Solution Architecture Overview
The architecture for our solution has several components, outlined below:
- Natural language submission via a web application connected through AWS Amplify and AppSync.
- Amazon API Gateway relays the request to AWS Lambda, where text-to-SQL is implemented.
- The Lambda function processes the question and interacts with Amazon Bedrock to generate SQL.
- Once the SQL is formulated, queries run against Amazon Athena, fetching genomic data.
- The data retrieval updates the user session, with automatic error handling enabling a seamless experience.
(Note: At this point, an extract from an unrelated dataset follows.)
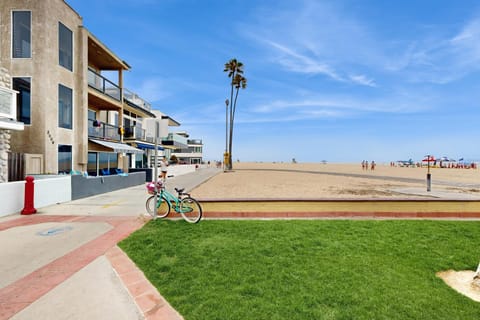 Newport Vacation Memories -Downstairs House in Balboa Peninsula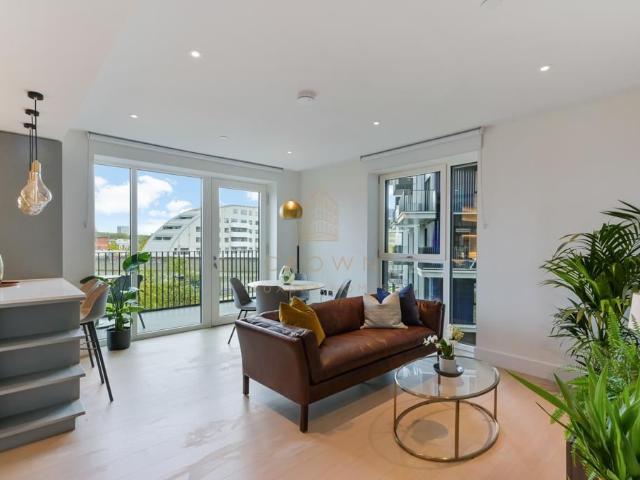 Reflection Apartments, White City Living W12, 2 bed flat to rent, £4,300 pcm | PrimeLocation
Generative AI Techniques for Text-to-SQL
We analyzed various prompt-engineering strategies, including:
- LLM SQL agents
- RAG (Retrieval-Augmented Generation)
- Detailed prompt descriptions of relevant tables
- Chain-of-Thought and Tree-of-Thought techniques
- Dynamic Few-Shot prompting
While some approaches yielded subpar results, techniques utilizing structured prompts and iterative reasoning demonstrated high accuracy, significantly improving the generation of syntactically correct SQL.
Conclusion
This exploration demonstrated an innovative approach to democratizing access to omics data through a text-to-SQL solution. By leveraging HealthOmics and Amazon Bedrock, we can unlock genomic insights that were previously confined to data experts, thereby accelerating the drug discovery process.
The provided code and deployment instructions are accessible via our GitHub repository, guiding you through setting up your own text-to-SQL project.
We extend our gratitude to team members Thomaz Silva and Saeed Elnaj for their invaluable contributions to this initiative.
About the Authors
Ganesh Raam Ramadurai is a Senior Technical Program Manager at AWS, focusing on innovative AI solutions.
Jeff Harman is a Senior Prototyping Architect at AWS, known for his deep expertise in cloud technologies.
Kosal Sen is a Design Technologist at AWS, bridging technology with user-centric design.
Through our combined expertise, we aim to reshape biopharma’s future—ensuring that transformative drugs reach patients more efficiently than ever before.